デスペラード 自分が求めた表現が、言葉にするとそういうものだったのかもしれないです。僕みたいに身長が低いやつが小さく速く動いても、観ている人には何をやっているかわかりにくいんですよ。なので、なるべく大きくわかりやすく、ゆっくり動くというのを心がけてはいます。
まあでも、基本的にリング上は殴る蹴るの場なので、そこに似つかわしくないものをぶっこんでやれ!という意識で、ああいう立ち居振る舞いをしていますね。試合前の礼もそうですし。
――先ほどマンガなどのエンタメを見て仕草をご自分に落とし込むとおっしゃっていましたが、エンタメをプロレスと結びつけて見ている部分もあるのでしょうか。

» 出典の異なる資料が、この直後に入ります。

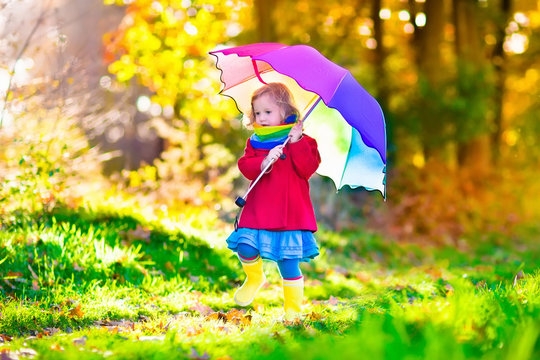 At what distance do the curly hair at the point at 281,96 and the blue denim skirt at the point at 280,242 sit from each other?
2.83 ft

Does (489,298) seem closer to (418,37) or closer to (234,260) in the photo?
(234,260)

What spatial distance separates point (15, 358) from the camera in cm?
335

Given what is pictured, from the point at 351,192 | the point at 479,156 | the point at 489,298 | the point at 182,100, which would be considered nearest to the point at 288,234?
the point at 489,298

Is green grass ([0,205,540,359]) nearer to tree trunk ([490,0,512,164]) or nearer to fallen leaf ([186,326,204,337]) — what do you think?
fallen leaf ([186,326,204,337])

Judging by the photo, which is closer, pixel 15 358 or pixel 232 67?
pixel 15 358

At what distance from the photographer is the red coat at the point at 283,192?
14.4 feet

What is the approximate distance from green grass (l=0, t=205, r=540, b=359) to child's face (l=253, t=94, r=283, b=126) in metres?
1.44

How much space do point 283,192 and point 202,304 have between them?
1.39 m

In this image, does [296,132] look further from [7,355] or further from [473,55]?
[473,55]

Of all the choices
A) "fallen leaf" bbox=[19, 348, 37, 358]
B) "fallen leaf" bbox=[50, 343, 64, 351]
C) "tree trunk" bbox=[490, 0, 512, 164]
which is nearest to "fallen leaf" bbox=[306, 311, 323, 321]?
"fallen leaf" bbox=[50, 343, 64, 351]

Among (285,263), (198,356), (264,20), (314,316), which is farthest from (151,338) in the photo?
(264,20)

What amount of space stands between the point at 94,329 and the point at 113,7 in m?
11.5

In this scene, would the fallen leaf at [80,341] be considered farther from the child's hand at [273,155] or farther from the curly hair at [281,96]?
the curly hair at [281,96]

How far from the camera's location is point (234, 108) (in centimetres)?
1086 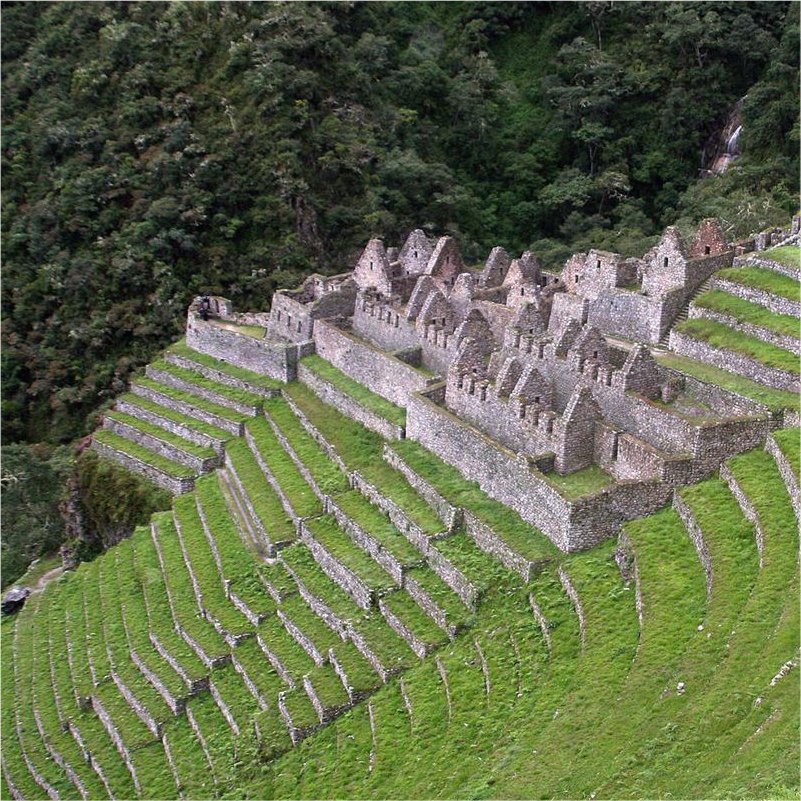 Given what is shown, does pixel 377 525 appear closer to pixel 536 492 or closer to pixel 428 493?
pixel 428 493

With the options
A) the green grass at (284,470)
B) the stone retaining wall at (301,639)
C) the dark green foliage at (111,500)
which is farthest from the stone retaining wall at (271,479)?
the stone retaining wall at (301,639)

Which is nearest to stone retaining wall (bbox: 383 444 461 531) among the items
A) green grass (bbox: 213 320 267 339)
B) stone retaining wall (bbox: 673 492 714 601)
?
stone retaining wall (bbox: 673 492 714 601)

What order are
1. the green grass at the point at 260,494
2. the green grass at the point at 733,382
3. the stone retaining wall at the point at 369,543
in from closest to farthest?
the green grass at the point at 733,382, the stone retaining wall at the point at 369,543, the green grass at the point at 260,494

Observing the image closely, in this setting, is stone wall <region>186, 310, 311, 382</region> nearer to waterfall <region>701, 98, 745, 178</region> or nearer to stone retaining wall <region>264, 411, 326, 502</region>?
stone retaining wall <region>264, 411, 326, 502</region>

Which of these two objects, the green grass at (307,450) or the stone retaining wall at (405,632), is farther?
the green grass at (307,450)

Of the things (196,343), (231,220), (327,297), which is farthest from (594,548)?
(231,220)

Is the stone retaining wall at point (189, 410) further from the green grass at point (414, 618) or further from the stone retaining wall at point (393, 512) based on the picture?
the green grass at point (414, 618)

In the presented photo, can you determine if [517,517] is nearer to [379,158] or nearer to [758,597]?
[758,597] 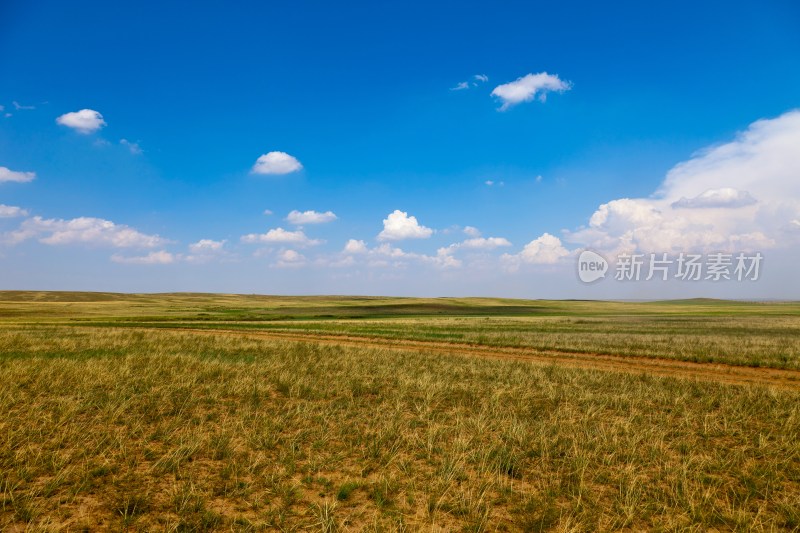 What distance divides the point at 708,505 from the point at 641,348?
23334 mm

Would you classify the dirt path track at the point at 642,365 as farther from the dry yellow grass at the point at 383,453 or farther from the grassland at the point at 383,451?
the dry yellow grass at the point at 383,453

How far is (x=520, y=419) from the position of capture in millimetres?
11391

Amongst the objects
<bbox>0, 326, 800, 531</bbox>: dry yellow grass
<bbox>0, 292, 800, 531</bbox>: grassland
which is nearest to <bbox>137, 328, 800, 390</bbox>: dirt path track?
<bbox>0, 292, 800, 531</bbox>: grassland

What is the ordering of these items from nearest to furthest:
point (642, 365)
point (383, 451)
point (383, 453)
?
point (383, 453) < point (383, 451) < point (642, 365)

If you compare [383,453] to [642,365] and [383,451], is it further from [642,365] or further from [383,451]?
[642,365]

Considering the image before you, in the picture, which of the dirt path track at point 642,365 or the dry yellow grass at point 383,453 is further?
the dirt path track at point 642,365

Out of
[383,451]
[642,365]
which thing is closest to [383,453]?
[383,451]

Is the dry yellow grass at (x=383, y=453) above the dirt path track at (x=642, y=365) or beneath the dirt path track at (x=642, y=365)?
above

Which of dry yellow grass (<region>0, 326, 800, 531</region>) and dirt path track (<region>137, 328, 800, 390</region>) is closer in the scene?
dry yellow grass (<region>0, 326, 800, 531</region>)

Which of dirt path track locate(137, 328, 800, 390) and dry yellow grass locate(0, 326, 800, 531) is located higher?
dry yellow grass locate(0, 326, 800, 531)

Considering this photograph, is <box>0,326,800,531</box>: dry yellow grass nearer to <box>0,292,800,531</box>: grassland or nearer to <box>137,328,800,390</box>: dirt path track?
<box>0,292,800,531</box>: grassland

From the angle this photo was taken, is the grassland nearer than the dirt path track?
Yes

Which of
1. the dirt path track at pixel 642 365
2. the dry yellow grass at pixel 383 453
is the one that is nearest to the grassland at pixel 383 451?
the dry yellow grass at pixel 383 453

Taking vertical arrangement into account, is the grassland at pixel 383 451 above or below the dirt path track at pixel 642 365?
above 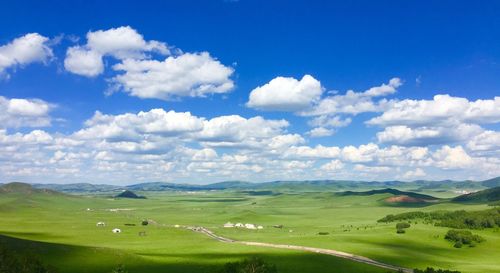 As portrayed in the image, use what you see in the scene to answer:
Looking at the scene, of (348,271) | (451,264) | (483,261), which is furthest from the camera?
(483,261)

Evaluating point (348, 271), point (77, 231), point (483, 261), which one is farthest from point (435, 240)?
point (77, 231)

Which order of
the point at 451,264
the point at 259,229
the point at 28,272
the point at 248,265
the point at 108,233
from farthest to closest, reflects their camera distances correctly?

デスペラード 僕は目に映る物は全部リング上に持ってこられるものだと思っているんですけど、その中でもマンガ、アニメ、映画は、極上の素材ですよね。もちろんそのまま持ってくるつもりはないんですが、あまりにもたくさん見ていると自分の中に入っちゃうんですよ。
前に失敗したなと思ったことがあって……何かにカチンときて、「おまえらがそう思ってんだったらその通りなんだよ。おまえらの中ではな」って返したんですけど、後から「『少女ファイト』のセリフやんけ!」と気づいて。ナチュラルに出てきましたね(笑)。
――『少女ファイト』(日本橋ヨヲコ・講談社)の「お前がそう思うんならそうなんだろう/お前ん中ではな(「お前ん中」に傍点)」というセリフですね。それだけ血肉になっているということだと思います。
デスペラード 僕の舌が回るのは、もちろんずっとリング上のことを考えているからなんですけど、くわえてリング以外のインプットが多いことも関係していると思うんです。それが考え方の幅を広げたり、言葉の引き出しの多さにつながっているんじゃないかと。
たぶん、マンガをたくさん読んでいなかったら、僕はもっとつまらないレスラーで終わっていました。リング上で戦う技術云々は最低限必要だとして、レスラーがある程度注目を集められる位置に来るためには、そこに何か人と違うものを乗せる必要がある。僕の場合は、それがマンガとアニメが大好きなことで得た言葉だったんだと思います。
――発する言葉に、いつも説得力があります。他団体の選手を指名して試合がしたいと訴えるなどご自分の希望を言葉にして、それが実現する状況を作り出していらっしゃいますね。
デスペラード ありがたい状況ではあるんですが……モデルがいるんです。高橋ヒロムなんですよ。
――そうでしたか! デスペラード選手のライバルとして真っ先に浮かぶ選手ですね。
デスペラード あいつは、夢を口にし続けて、いろんなものを巻き込んでそれを実現してきた。以前の僕は、何も言わないでトップの位置に行くのがかっこいいと思っていたんですが……うだつがあがらないままだったんですよね。
そういう状況でああいう選手を目の当たりにしたら悔しいじゃないですか。だから今、僕がやってます。
――それはチャンピオンベルトを持つ者としても、ご自分がやらねばというお気持ちがあるのでしょうか。
デスペラード そうですね。でもそれ以上に、誰がベルトを持っていようが関係なく今のまんまじゃいけない、という気持ちが強いです。目新しい挑戦者が入ってこないと、試合の質自体は上がっていくと思うんです。手が合う相手同士で試合が組めるようになるので。
だけど、それを続けているとどこかで僕自身がその状況に飽きてしまう。だったらほかの団体からおもしろいやつを引っ張り込んで動かしたほうがいい。
『新ターちゃん』で言えば、全世界格闘王決定トーナメントが終わって、次のシリーズ(ルシュ王国編)に入って、アペデマスとかアグニとか違うキャラクターが出てくるところですよ。プロレスもそうやってちょっとずつステージが変わっていかないといけないんです。